(Crawled caption data)
--- START ---
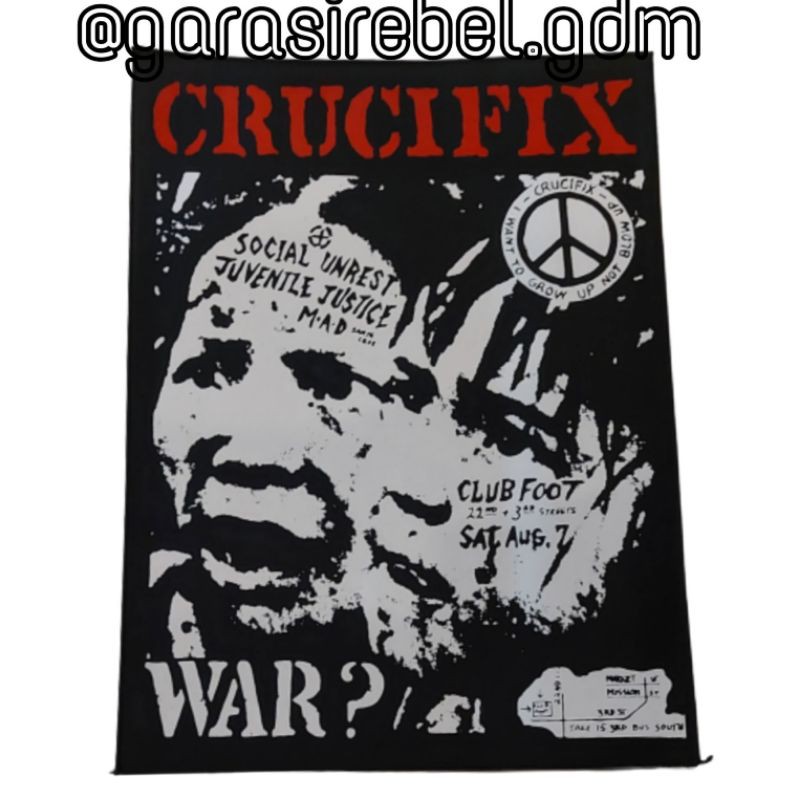 EMBLEM BESAR CRUCIFIX EMBLEM PUNGGUNG METAL EMBLEM PUNK EMBLEM SABLON DISTRO EMBLEM UNDERGROUND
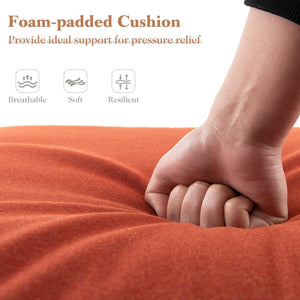 Outdoor Chaise Lounge Cushion Patio Furniture Folding Pad with Fixing Straps-Orange view 4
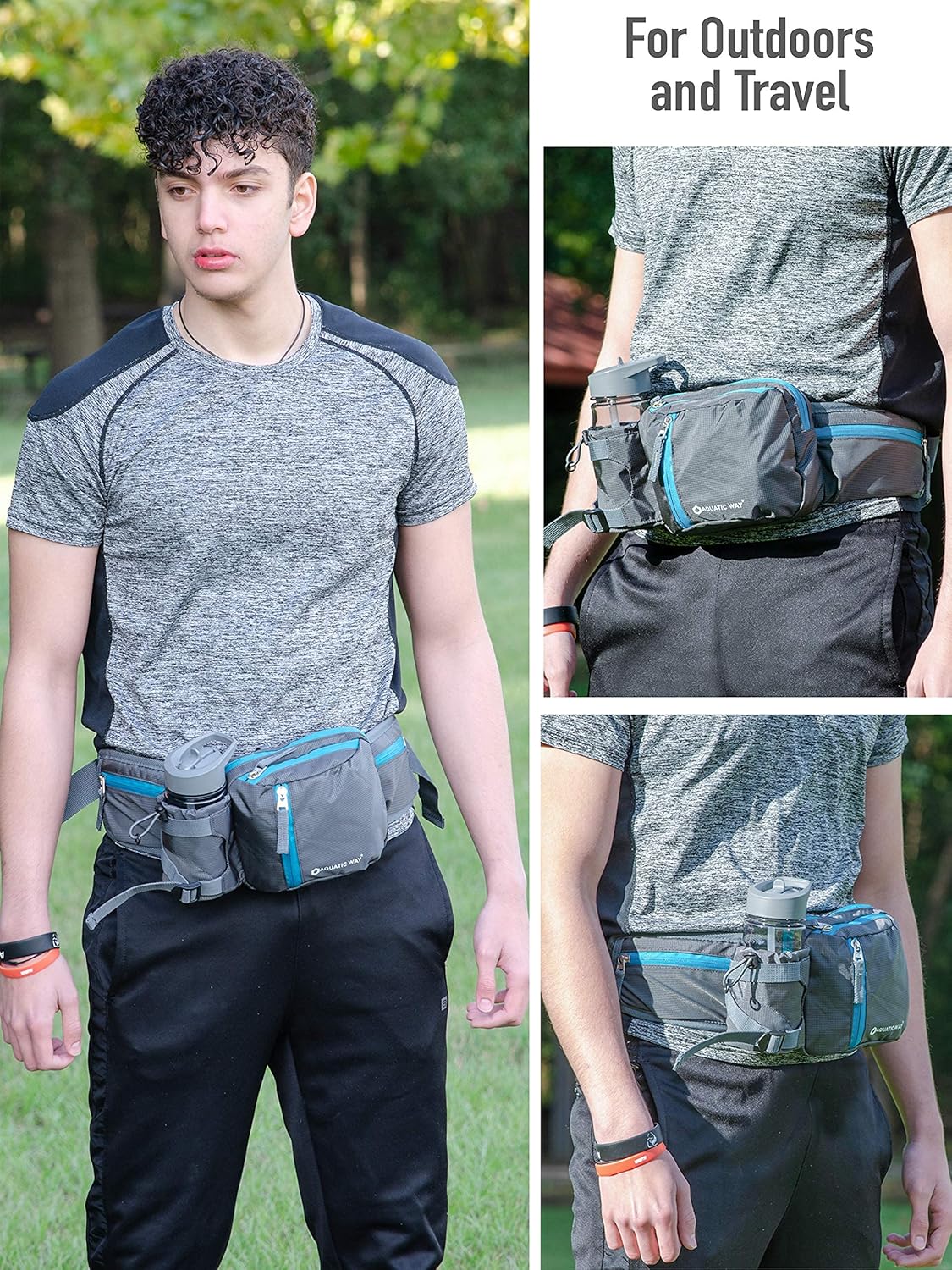 Aquatic Way Waist Bag Fanny Pack with Water Bottle Holder For Men Women Running Hiking Travel Biking - Fit All Phone Sizes Wallet Passport Key - Extra Waist Pockets Lightweight Adjustable (Grey) : Sports & Outdoors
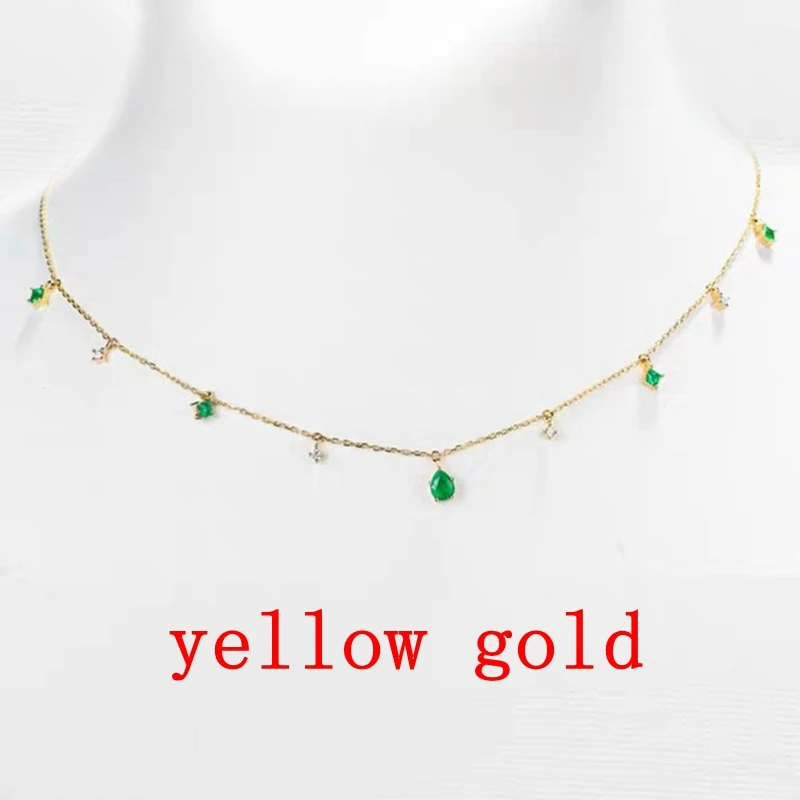 18k yellow gold HELON Твердые из 18-ти кратного желтого золота AU750 SI/ч Природные Алмазы Цепочки и ожерелья с подвесками Мода классическая цепочка с подвесками, подарок, ювелирное изделие Цепочки и ожерелья - Цвет камня: 18k yellow gold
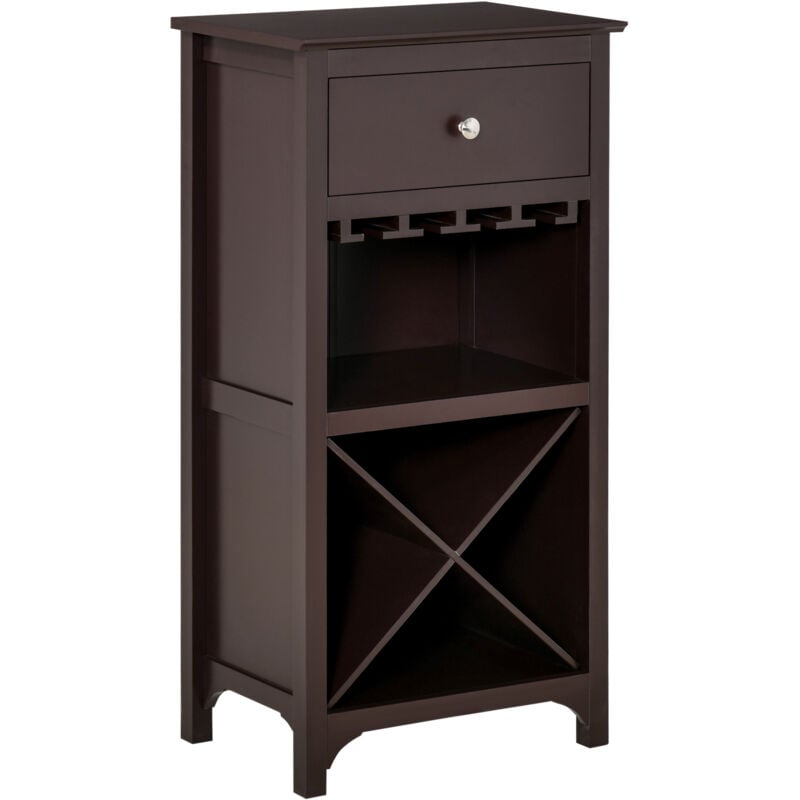 Homcom - Casier à vin design industriel étagère à bouteilles 12 bouteilles support verres à vin intégré mdf brun foncé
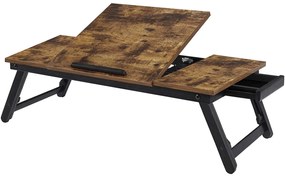 Stolík na notebook s nastaviteľným sklonom, rustikálny hnedý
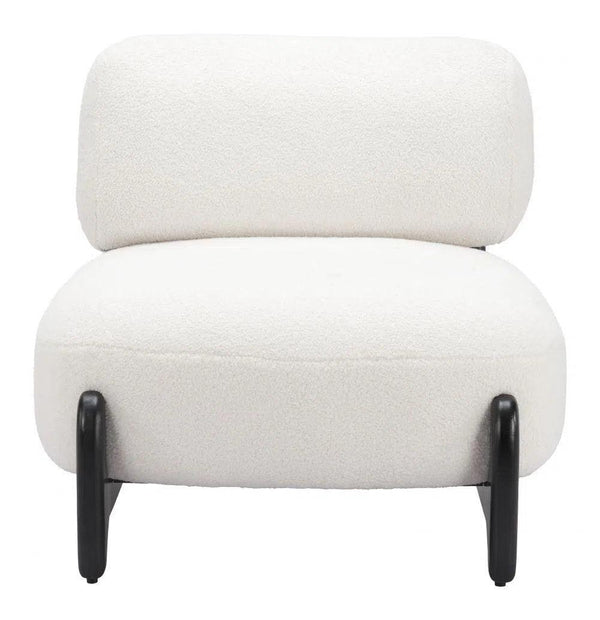 Bombo Wood White Armless Accent Chair Club Chairs LOOMLAN By Zuo Modern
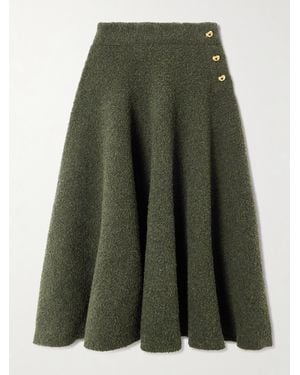 Bottega Veneta Wool-Blend Bouclé Midi Skirt - Green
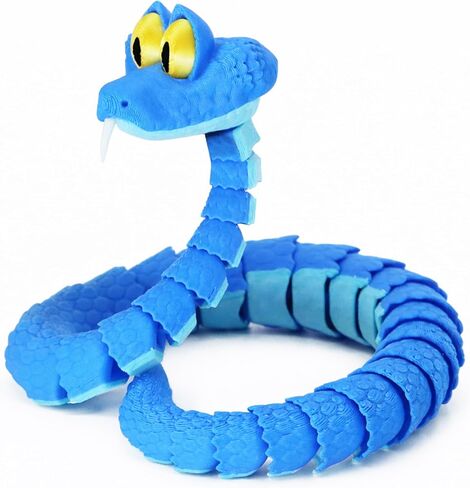 3D-Printed 17 inches Cartoon Blue Gary Snake Toy, Bendable Articulated Doll, Ideal for Boys, Girls, Cartoon Enthusiasts, and Fan Collectors as a Birthday in Saudi Arabia
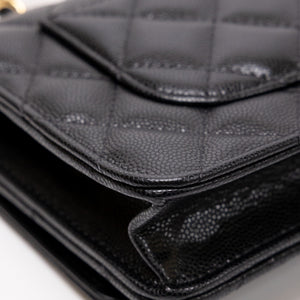 CHANEL 25K HANDLE WALLET ON CHAIN CAVIAR LEATHER BLACK GHW (MICROCHIP)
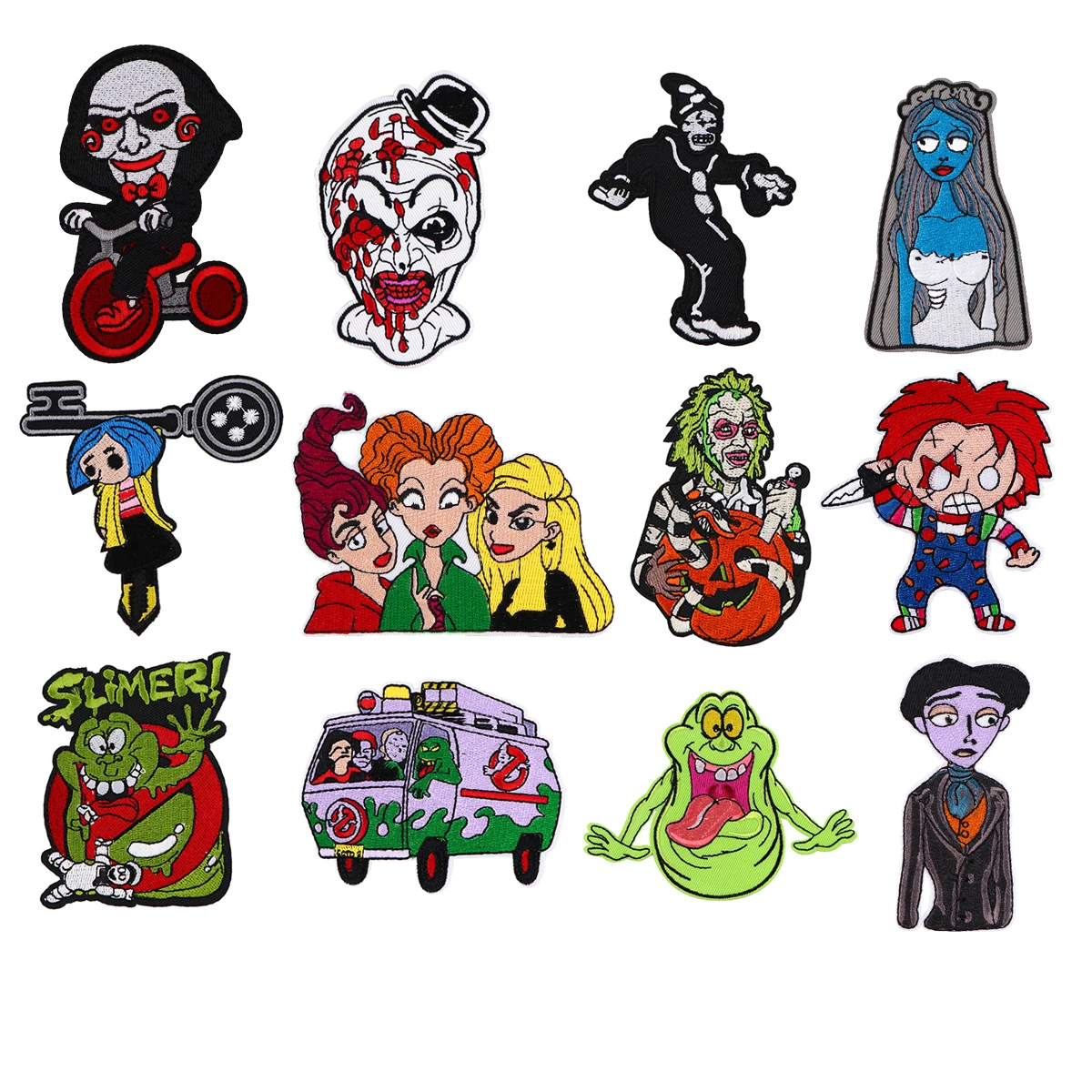 Horror Killer Clown Embroidered Patches for Clothing Halloween Patches on Clothes Stickers Iron on Patches Stripes Diy Appliques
--- END ---
WORK INSTRUCTION - For this answer, return word for word the lines from the first line of the records through the line containing "Homcom - Casier". Omit the pictures.

RESPONSE TO THIS EXERCISE -
 EMBLEM BESAR CRUCIFIX EMBLEM PUNGGUNG METAL EMBLEM PUNK EMBLEM SABLON DISTRO EMBLEM UNDERGROUND
 Outdoor Chaise Lounge Cushion Patio Furniture Folding Pad with Fixing Straps-Orange view 4
 Aquatic Way Waist Bag Fanny Pack with Water Bottle Holder For Men Women Running Hiking Travel Biking - Fit All Phone Sizes Wallet Passport Key - Extra Waist Pockets Lightweight Adjustable (Grey) : Sports & Outdoors
 18k yellow gold HELON Твердые из 18-ти кратного желтого золота AU750 SI/ч Природные Алмазы Цепочки и ожерелья с подвесками Мода классическая цепочка с подвесками, подарок, ювелирное изделие Цепочки и ожерелья - Цвет камня: 18k yellow gold
 Homcom - Casier à vin design industriel étagère à bouteilles 12 bouteilles support verres à vin intégré mdf brun foncé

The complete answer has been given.